WHAT IS NEEDED:
Review the material line by line. Identify and copy every line that contains the string "Cotton".
··· GIVEN DATA
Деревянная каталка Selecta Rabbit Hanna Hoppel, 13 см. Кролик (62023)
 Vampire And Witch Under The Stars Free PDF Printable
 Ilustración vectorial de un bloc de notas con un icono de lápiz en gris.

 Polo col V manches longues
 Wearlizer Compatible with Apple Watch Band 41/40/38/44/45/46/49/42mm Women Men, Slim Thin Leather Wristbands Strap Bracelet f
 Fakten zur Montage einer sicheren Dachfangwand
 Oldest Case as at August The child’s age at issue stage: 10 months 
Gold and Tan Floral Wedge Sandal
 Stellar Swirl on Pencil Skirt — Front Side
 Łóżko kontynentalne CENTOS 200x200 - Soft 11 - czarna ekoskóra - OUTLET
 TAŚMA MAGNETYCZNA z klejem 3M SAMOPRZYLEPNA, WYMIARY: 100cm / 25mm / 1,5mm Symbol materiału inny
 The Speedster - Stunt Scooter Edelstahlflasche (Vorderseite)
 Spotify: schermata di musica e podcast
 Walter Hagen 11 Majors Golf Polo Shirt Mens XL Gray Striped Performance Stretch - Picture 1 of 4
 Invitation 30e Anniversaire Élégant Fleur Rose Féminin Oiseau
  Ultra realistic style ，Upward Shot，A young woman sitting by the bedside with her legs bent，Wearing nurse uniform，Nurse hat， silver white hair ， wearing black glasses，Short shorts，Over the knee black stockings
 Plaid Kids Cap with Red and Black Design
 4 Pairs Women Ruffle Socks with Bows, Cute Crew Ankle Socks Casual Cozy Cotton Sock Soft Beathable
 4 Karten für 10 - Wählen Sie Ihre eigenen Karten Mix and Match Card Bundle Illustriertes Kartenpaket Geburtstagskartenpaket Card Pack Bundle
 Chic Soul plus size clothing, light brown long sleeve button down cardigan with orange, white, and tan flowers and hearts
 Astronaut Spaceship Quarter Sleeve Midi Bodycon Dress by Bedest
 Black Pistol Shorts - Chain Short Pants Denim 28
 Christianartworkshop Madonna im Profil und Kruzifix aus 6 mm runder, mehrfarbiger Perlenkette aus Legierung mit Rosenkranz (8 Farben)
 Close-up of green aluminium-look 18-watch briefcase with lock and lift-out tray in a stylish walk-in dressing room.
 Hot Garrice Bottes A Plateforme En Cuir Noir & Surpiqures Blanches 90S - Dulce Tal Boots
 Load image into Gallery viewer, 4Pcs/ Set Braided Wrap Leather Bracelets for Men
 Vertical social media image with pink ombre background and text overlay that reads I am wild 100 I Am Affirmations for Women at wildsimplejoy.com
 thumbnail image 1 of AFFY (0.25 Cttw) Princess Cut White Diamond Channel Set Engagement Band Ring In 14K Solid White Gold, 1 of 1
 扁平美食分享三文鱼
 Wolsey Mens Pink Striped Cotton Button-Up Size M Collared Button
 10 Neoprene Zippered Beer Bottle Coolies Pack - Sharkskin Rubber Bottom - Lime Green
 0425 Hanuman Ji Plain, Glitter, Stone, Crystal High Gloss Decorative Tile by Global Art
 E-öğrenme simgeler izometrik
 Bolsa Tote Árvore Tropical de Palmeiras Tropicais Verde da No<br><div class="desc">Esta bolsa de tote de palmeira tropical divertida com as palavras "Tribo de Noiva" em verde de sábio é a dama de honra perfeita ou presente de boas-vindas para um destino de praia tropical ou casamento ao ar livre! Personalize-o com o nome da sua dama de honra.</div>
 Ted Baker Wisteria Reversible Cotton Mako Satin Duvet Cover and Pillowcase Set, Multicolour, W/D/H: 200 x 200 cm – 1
······
RESPONSE TO THIS TASK:
 4 Pairs Women Ruffle Socks with Bows, Cute Crew Ankle Socks Casual Cozy Cotton Sock Soft Beathable
 Wolsey Mens Pink Striped Cotton Button-Up Size M Collared Button
 Ted Baker Wisteria Reversible Cotton Mako Satin Duvet Cover and Pillowcase Set, Multicolour, W/D/H: 200 x 200 cm – 1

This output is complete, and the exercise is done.